Upside of squatters

Slate’s got an article on the upside — to a city — of having squatters move into empty buildings. The beautiful, gigantic Victorian brick office-building next to my flat in east London was recently squatted by what seem like nice enough people (except for that one Sunday morning they got drunk, stood on the roof, and had a shouted coversation with someone on the street below, right outside the bedroom window!). I tell myself that at least they’re not junkies or arsonists — and it’s better than living on a street with no neighbors.

Squatting, or unlawfully occupying and making use of land that belongs to someone else, tends to emerge when poverty and homelessness intersect with absentee ownership. It was widespread on the frontier of the 19th-century West, where settlers who couldn’t afford to purchase land at market prices often simply occupied land owned by Eastern speculators (as well as land owned by the federal government and by Native American tribes).

From the point of view of local officials, this was a win-win, of a sort. Far-away owners were more interested in free-riding on rising property values, and flipping their land, than in developing it productively. So they resisted paying property taxes or investing in infrastructure. As a result, governments in the West were happy to lend squatters a hand in their efforts to get property out of the speculators’ hands.

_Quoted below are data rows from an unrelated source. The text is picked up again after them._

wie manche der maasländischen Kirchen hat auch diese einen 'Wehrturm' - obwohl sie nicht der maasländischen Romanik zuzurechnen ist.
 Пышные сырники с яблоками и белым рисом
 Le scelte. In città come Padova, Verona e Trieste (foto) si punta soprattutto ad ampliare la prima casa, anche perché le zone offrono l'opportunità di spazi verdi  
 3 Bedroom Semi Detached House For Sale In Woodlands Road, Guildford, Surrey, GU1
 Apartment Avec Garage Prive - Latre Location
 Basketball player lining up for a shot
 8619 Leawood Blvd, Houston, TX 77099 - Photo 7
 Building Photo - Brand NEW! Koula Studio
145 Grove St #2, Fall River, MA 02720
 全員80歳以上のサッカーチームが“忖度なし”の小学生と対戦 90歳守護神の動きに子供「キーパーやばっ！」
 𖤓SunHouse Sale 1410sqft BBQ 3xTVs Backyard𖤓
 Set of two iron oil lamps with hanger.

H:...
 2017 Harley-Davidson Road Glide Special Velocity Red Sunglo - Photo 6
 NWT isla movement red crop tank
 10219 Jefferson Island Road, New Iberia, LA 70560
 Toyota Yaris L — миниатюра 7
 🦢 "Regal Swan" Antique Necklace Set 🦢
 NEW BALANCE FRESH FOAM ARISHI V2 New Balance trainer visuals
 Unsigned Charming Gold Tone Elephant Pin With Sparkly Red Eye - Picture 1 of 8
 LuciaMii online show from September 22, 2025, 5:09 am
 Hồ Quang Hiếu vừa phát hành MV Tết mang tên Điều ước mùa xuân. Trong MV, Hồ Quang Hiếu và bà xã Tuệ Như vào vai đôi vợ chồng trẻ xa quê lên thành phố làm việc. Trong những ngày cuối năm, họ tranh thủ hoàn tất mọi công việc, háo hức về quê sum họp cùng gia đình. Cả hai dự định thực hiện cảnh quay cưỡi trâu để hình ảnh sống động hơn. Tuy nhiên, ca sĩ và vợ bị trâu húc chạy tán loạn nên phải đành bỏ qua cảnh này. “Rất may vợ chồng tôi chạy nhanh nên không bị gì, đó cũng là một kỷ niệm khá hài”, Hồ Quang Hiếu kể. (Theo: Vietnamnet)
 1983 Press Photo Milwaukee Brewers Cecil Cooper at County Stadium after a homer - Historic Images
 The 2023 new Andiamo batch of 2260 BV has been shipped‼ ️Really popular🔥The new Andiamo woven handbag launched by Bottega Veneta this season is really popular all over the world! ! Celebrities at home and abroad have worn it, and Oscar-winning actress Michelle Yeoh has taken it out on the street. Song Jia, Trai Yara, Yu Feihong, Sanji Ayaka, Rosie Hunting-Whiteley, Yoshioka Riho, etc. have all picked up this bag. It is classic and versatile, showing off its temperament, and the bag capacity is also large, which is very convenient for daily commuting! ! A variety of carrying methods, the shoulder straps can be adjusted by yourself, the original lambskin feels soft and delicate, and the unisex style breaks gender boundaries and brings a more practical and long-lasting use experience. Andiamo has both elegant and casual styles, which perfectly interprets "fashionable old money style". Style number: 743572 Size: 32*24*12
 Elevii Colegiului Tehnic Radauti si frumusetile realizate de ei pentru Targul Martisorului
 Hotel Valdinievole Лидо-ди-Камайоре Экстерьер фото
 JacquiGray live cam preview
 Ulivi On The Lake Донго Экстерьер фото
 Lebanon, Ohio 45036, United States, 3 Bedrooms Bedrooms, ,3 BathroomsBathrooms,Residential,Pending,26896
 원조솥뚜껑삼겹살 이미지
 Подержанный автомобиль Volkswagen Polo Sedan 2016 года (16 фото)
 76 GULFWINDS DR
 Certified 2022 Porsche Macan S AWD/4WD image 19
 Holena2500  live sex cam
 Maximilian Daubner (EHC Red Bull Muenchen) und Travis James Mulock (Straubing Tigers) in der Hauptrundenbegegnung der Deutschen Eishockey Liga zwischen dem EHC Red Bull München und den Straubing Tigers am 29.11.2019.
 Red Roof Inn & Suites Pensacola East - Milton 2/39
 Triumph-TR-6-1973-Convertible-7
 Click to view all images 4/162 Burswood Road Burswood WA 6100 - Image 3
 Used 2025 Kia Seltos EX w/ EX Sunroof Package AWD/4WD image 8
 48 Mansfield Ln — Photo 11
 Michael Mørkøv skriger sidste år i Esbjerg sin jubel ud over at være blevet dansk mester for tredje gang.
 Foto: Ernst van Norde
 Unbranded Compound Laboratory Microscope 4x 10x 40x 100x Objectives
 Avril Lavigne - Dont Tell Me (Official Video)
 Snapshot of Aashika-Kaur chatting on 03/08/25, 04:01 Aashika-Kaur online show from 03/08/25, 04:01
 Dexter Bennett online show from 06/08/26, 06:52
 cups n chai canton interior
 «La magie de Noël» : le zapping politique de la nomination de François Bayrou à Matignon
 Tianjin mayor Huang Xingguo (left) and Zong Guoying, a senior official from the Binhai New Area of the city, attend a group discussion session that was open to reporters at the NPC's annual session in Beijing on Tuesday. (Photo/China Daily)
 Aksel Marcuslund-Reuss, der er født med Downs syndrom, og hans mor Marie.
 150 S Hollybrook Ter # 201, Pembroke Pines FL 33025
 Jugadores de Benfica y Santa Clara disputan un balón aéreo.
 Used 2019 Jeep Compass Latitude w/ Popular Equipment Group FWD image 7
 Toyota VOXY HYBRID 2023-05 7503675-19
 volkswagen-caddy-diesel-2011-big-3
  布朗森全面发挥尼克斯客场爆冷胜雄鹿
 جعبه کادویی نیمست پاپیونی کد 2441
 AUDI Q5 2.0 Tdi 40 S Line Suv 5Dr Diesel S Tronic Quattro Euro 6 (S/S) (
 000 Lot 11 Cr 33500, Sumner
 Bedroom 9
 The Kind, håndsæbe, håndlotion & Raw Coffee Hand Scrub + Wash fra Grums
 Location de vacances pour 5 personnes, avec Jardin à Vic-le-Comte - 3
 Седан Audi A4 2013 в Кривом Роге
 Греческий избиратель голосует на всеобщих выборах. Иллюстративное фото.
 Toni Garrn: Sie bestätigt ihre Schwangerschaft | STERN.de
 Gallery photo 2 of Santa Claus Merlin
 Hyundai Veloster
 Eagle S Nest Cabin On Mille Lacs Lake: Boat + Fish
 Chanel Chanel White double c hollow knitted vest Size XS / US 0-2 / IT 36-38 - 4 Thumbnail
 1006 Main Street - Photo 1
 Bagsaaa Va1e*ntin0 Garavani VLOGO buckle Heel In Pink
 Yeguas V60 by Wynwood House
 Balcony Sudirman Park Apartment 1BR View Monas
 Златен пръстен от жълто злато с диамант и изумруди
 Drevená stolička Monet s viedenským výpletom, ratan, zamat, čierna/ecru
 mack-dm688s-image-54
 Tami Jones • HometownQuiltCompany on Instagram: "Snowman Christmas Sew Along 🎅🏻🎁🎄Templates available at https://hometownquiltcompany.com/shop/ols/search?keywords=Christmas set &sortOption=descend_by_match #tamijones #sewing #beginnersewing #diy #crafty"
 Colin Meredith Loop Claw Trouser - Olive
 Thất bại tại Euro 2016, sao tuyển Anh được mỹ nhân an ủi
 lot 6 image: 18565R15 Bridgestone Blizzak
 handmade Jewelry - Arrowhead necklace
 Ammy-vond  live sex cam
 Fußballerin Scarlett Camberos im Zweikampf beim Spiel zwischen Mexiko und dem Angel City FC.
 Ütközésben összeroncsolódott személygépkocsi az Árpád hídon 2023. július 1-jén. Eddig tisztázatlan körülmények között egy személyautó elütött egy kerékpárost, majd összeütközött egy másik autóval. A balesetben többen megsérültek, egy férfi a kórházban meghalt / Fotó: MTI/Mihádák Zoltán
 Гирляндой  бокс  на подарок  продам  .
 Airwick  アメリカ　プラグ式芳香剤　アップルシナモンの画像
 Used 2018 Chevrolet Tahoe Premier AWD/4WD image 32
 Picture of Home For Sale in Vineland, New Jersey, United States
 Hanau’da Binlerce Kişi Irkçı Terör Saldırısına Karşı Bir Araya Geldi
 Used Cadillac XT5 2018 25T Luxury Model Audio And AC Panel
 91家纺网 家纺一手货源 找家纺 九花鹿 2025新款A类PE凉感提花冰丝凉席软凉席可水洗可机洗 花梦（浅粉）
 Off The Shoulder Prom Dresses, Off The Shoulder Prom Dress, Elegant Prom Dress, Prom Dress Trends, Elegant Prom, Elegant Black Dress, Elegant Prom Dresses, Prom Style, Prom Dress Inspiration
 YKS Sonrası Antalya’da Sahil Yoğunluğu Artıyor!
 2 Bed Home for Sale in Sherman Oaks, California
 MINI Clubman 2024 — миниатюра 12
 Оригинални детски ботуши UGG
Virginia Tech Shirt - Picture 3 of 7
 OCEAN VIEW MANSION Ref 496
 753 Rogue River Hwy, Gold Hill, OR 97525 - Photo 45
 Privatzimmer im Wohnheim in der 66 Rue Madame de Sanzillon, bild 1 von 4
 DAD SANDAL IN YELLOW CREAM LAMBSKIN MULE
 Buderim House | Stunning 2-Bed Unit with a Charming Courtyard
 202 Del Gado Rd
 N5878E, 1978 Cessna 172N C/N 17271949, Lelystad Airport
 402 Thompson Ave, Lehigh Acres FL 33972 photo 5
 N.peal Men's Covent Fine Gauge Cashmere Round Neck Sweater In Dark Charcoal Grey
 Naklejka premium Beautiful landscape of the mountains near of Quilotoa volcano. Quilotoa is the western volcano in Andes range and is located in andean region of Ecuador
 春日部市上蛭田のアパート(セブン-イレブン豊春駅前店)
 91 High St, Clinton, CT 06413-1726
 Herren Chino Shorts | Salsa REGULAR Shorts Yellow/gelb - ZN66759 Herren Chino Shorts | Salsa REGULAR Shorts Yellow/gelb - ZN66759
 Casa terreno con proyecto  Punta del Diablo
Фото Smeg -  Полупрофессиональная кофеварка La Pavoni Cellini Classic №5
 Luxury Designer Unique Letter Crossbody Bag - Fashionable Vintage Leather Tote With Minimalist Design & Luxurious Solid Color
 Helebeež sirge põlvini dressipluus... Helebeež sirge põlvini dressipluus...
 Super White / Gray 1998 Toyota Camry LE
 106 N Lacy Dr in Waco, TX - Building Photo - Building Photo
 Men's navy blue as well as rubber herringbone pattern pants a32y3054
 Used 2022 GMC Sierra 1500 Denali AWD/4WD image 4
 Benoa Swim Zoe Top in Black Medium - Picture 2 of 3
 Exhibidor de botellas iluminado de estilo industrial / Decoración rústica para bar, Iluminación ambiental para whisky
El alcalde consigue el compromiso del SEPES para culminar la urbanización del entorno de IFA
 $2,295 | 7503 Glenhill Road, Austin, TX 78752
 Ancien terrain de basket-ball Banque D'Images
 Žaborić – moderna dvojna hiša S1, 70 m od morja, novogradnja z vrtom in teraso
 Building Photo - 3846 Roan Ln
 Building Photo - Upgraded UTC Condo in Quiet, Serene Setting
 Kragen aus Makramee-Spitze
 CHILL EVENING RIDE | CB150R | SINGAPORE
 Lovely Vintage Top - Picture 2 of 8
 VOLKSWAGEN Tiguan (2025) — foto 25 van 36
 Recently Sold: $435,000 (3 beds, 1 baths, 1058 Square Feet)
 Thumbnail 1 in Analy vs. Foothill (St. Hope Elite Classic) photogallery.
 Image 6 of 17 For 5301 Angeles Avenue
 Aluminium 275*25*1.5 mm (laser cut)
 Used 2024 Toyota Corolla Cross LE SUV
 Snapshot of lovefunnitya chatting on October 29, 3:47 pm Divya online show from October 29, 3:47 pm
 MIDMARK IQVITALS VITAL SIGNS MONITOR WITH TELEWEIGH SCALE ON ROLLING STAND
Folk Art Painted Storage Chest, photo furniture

Local governments frequently made it easier for squatters to obtain title through the legal doctrine of adverse possession (sometimes colloquially called “squatters rights”)—for example, by shortening the time period required for squatting to mature into ownership. Ultimately, even the federal government joined in. After years of using the Army to chase squatters off its lands, Congress decided to create a legal avenue for settlers without money to become landowners: the 1862 Homestead Act.